The python3-setuptools package bundles distutils and uses a .pth file to inject it into the Python module search:

$ dpkg -L python3-setuptools
...
/usr/lib/python3/dist-packages
/usr/lib/python3/dist-packages/_distutils_hack
/usr/lib/python3/dist-packages/_distutils_hack/__init__.py
/usr/lib/python3/dist-packages/_distutils_hack/override.py
/usr/lib/python3/dist-packages/distutils-precedence.pth
...
/usr/lib/python3/dist-packages/setuptools/_distutils
/usr/lib/python3/dist-packages/setuptools/_distutils/__init__.py
...
$ python3 -c "import distutils; print(distutils.__file__)"
/usr/lib/python3/dist-packages/setuptools/_distutils/__init__.py
cottsay commented 4 months ago

tl;dr - Ignore Ubuntu's python3-distutils package entirely, and assume that python3-setuptools provides the mechanism to import distutils. I do not believe that installing setuptools from pip is necessary, @nuclearsandwich.

nuclearsandwich commented 4 months ago

In a maintenance meeting, @cottsay and I have discussed the various fixes here: unconditionally installing setuptools, installing setuptools alongside the colcon package with the missing dependency, and since this is all arising because of the colcon version in upstream noble missing a runtime dependency on setuptools, updating our version of colcon-core so it has higher precedence than the upstream one again: That's being handled in https://github.com/ros-infrastructure/reprepro-updater/pull/203 which is blocked on a deployment issue but moving forward. Let's hold off on either this PR or #1028 until that lands to see if it fixes this issue.

cottsay commented 4 months ago

see if it fixes this issue

Alright, I can now see python3-setuptools getting installed with colcon, but we finally hit the wall on our conflicts with the upstream colcon packages and we need to address that to move forward.

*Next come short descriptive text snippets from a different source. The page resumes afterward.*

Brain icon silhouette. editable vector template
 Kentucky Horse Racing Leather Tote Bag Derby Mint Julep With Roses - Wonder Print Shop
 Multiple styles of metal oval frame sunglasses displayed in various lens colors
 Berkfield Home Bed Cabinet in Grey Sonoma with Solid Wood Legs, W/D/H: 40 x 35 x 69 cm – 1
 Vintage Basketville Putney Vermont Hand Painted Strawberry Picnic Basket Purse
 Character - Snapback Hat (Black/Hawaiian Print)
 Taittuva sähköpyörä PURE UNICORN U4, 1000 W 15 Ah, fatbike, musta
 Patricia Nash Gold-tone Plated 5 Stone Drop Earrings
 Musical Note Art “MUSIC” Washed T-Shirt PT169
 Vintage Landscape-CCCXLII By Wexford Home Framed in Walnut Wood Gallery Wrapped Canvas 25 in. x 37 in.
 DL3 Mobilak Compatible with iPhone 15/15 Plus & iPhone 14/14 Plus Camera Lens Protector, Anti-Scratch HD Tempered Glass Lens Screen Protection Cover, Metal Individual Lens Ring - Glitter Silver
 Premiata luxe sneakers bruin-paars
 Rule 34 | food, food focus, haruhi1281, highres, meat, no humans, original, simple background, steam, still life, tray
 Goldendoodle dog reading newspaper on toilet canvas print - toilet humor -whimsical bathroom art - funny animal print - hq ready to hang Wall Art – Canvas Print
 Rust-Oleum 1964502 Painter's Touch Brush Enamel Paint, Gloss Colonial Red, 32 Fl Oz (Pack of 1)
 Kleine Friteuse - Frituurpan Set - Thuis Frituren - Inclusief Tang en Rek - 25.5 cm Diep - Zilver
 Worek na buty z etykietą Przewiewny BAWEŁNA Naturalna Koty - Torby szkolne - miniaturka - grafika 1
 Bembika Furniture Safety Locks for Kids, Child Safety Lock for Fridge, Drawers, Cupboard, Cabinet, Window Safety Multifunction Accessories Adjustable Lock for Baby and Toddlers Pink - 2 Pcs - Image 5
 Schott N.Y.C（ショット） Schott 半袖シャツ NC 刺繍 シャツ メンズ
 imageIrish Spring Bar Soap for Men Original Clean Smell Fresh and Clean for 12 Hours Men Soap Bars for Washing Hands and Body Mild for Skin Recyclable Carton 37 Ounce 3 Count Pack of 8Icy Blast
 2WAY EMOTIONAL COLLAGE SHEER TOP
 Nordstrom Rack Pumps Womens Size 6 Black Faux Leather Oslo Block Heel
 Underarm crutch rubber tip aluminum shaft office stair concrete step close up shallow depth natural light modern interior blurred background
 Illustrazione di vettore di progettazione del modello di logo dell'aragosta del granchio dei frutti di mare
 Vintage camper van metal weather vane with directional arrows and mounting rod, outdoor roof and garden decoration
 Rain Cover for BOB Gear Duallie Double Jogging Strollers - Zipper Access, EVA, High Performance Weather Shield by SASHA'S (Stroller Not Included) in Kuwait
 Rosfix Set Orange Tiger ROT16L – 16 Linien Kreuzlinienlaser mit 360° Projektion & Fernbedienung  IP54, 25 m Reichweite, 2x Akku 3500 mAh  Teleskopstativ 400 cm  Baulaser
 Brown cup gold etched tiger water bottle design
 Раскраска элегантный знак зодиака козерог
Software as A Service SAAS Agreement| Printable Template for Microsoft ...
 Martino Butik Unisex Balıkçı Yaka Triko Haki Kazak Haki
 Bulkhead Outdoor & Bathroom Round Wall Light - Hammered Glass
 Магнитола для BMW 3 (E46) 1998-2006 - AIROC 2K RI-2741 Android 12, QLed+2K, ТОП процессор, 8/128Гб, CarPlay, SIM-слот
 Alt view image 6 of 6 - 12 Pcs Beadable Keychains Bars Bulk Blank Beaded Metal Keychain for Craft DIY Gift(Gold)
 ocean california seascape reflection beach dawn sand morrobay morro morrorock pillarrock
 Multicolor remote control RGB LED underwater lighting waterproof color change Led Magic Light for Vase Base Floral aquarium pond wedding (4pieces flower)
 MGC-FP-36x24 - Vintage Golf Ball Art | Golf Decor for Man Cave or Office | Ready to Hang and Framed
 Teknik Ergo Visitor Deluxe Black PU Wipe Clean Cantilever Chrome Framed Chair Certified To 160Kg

At present, our python3-colcon-core provides /usr/bin/colcon, which is provided by a package simply called colcon in upstream Debian. Without any metadata which indicates that they conflict, both packages are being installed and the installation fails during unpacking. Even if we have a pinning solution to make apt prefer our packages over upstream's, we should not allow apt to even try to install them both if we know the operation will fail.

I'm proposing that our python3-colcon-core "Replaces" the colcon package from upstream: colcon/colcon-core#628 This should allow the installation of upstream's colcon package to proceed, but the conflicting files will come from our python3-colcon-core automatically.

cottsay commented 4 months ago

The aforementioned "Replaces" change to colcon-core has resolved the issue, and Rdev/Rpr jobs appear to be turning over.